Die SPÖ von heute hat nichts mehr mit der Sozialdemokratie der 70er Jahre zu tun: Sie hauptverantwortlich für für Sparpakete und Privatisierungen. Sie ist keine Alternative zur FPÖ, weil ihre Politik Haider groß gemacht hat und sich inzwischen in vielen Punkten auch nur mehr graduell von FPÖ Konzepten unterscheidet. Die SPÖ ist eine Partei des Kapitals geworden und wird von einem Großteil ihrer (ehemaligen) AnhängerInnen auch als solche gesehen, erlebt und empfunden.

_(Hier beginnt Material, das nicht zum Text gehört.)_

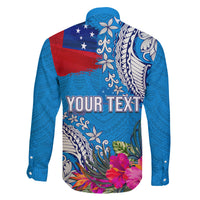 Personalised Samoa Coat Of Arms Family Matching Off Shoulder Maxi Dress and Hawaiian Shirt Tropical Flower Blue Polynesian Pattern LT03 - Polynesian Pride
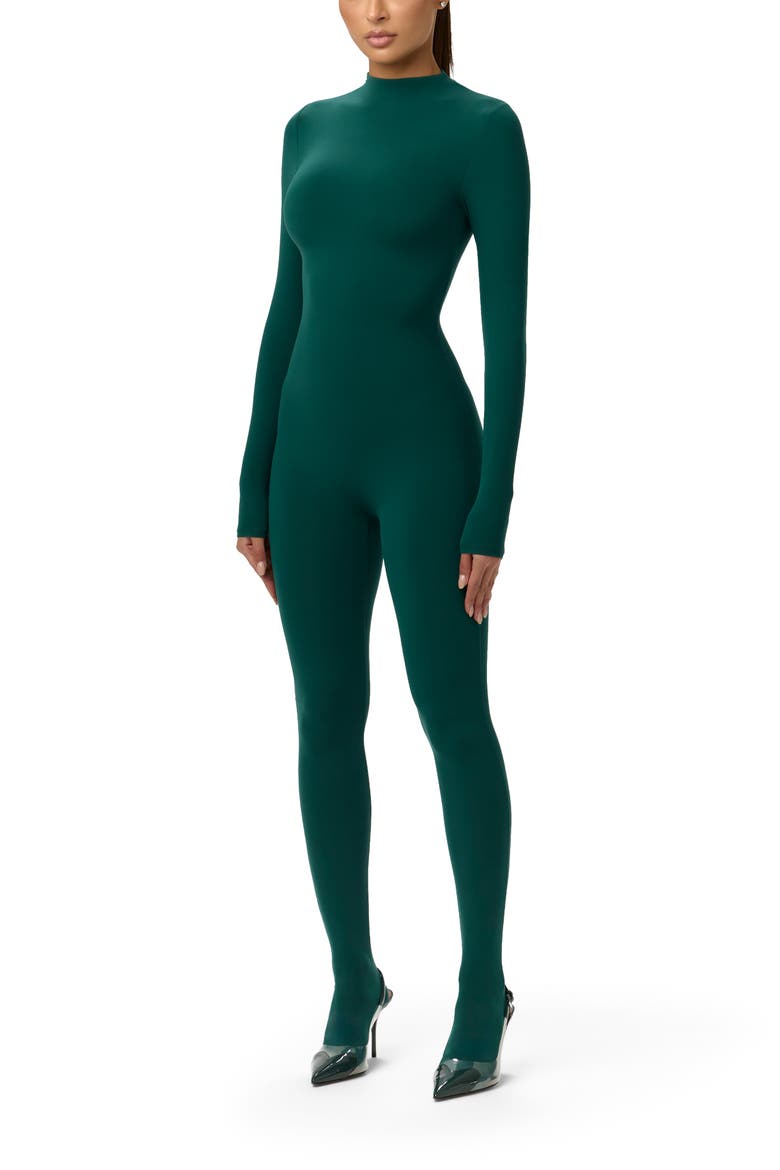Long Sleeve Closed Toe Jumpsuit, Alternate, color, EMERALD
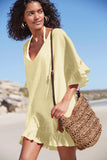 Emoswimsuit - V Neck Solid Color Cover Up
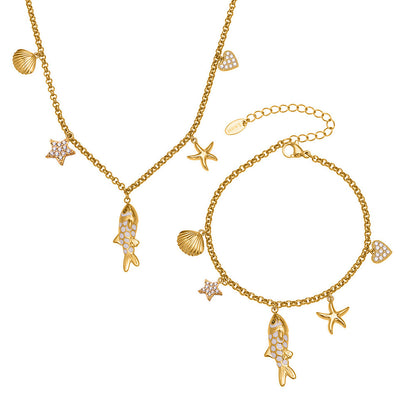 316L Stainless Steel 18K Gold Plated Zircon Koi Fish Star Heart Necklace & Bracelet Set - Image 5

Die Grünen haben auch schon vor Jahren die „neue Mitte“ entdeckt und suchen dort nach neuen WählerInnenschichten. Sie punkten damit in den bürgerlichen Bezirken - auf die „Prolos“ in den Gemeindebauten kann bei dieser Politik keine oder nur sehr wenig Rücksicht genommen werden. Außerparlamentarischer Widerstand ist in dieser Partei kein Thema mehr, grüne Regierungsbeteiligung das langfristige Ziel.

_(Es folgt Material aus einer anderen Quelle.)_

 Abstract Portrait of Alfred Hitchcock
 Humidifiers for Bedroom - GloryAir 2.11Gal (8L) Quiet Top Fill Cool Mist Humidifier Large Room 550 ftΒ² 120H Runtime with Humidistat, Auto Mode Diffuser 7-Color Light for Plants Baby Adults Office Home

Bleibt als kleinstes Übel – im wahrsten Sinne des Wortes - die KPÖ. KPÖ wählen ist sicher nach wie vor eine Form für linken Protest. Vor allem das skandalöse Auftreten ihres Wiener Spitzenkandidaten Zenker („meinen Ferrari habe ich mir selbst erarbeitet“) zeigt aber, daß die KPÖ darüber hinaus keine Alternative ist. Seit Jahren nimmt die kommunistische Partei mit dem „Argument“, daß jede Kandidatur links neben der KPÖ nur zu einer Spaltung der ohnedies schwachen Linken beitragen würde, in Geiselhaft. Gleichzeitig hat sie bei den heurigen Wahlen linke Wahlbündnisse verunmöglicht. Für viele links aktive Menschen fällt es deshalb nicht leicht, die KPÖ zu wählen. Der ganzen Bewegung werden so Kandidaten wie Zenker aufgezwungen. Die SOV kämpft demgegenüber unter dem Motto „Wählt den aktiven Widerstand“ für den Aufbau einer neuen sozialistischen ArbeiterInnenpartei als echte Alternative zu Sozialabbau und Rechtsruck.